Cette étude a permis d’évaluer l’intérêt d’un changement de modèle. Les enseignements sont clairs et réjouissants explique le Ministre DI ANTONIO. Les avantages potentiels concernent notamment le revenu des agriculteurs, la qualité de vie dans nos campagnes, notre environnement, l’emploi, l’attractivité de notre territoire et donc le tourisme !
6 enseignements à retenir
- La Wallonie produit largement assez de nourriture pour nourrir sa population ;
- Pas de perte d’emploi : 8 % d’emplois créés dans les scénarios à faibles intrants ;
- Un environnement beaucoup mieux préservé dans les scénarios à bas intrants ;
- Moins de dommages à la santé humaine et une facture en soins de santé diminuée ;
- Gain de valeur ajoutée brute dans le scénario à bas intrants ;
- Une valeur ajoutée réelle plus élevée.
Après le choix d’une agriculture sans OGM fait en 2008, le choix d’une agriculture à faibles intrants externes se passant à terme de pesticides synthétisés chimiquement est défendu par le Ministre DI ANTONIO depuis plusieurs années. En 2014, le Code wallon de l’Agriculture, défendant l’agriculture écologiquement intensive, était adopté à son initiative par le Parlement de Wallonie.
Pour Carlo DI ANTONIO, cette voie donnera aussi à la Wallonie une longueur d’avance lorsque d’autres régions feront le même choix, de manière volontaire ou contraintes par l’évolution des normes. Que cela soit en matière de recherche, de services d’encadrement ou de production d’outillage adapté, la Wallonie doit se positionner comme pionnière d’une production agricole sans pesticides. Cela doit également s’inscrire au sein d’un projet plus vaste de territoire de qualité.
- Suffisamment de nourriture
Les résultats de l’étude indiquent que la pratique de l’agriculture à faible intrants en Wallonie ne pourrait en aucune manière compromettre la sécurité alimentaire wallonne. Ce scénario permet non seulement de nourrir la population wallonne mais également la population bruxelloise.
- L’agriculture à faibles intrants crée 8% d’emplois
Dans les règles actuelles du commerce international, le modèle agro-exportateur n’est pas l’unique solution pour la Wallonie. Pour le Ministre DI ANTONIO, il faut poursuivre et amplifier une politique orientée vers la qualité, dans une logique de souveraineté alimentaire.

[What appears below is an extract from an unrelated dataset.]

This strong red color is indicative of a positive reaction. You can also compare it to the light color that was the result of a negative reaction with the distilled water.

Une transition vers l'agriculture à faibles intrants créerait environ 8% d'emplois en plus par rapport au modèle actuel. Même si des emplois dans les secteurs en amont de l’agriculture étaient perdus (ce qui est assez peu probable, car cette industrie est fortement orientée vers l'exportation et parce qu'une partie de celle-ci s’adapterait en produisant des intrants alternatifs), plus d'emplois pourraient être créés dans le secteur agricole.
- Un air et des eaux plus propres, moins de GES
L'agriculture à faibles intrants émet beaucoup moins de polluants que le modèle actuel que nous connaissons : les chiffres du scénario à faibles intrants indiquent une réduction des émissions de polluants atmosphériques acidifiants de 34% et une réduction des émissions de gaz à effet de serre de 21 %. Un impact positif est également constaté sur la purification de l'eau potable en ce qui concerne les pesticides.

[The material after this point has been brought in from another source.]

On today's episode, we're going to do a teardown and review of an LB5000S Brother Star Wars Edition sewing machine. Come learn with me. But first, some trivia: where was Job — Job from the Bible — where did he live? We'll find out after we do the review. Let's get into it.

- Les dommages à l’environnement diminués de 37%, une population en meilleure santé
La Wallonie se caractérise par un environnement naturel riche. Cependant, certains atouts de la Wallonie sont mis en péril par les conditions de production et de concurrence dans lesquelles sont placés les agriculteurs wallons. Actuellement, le secteur agricole et les modes de production actuels restent l’un des facteurs explicatifs de la baisse de certains indicateurs de l’état de notre environnement.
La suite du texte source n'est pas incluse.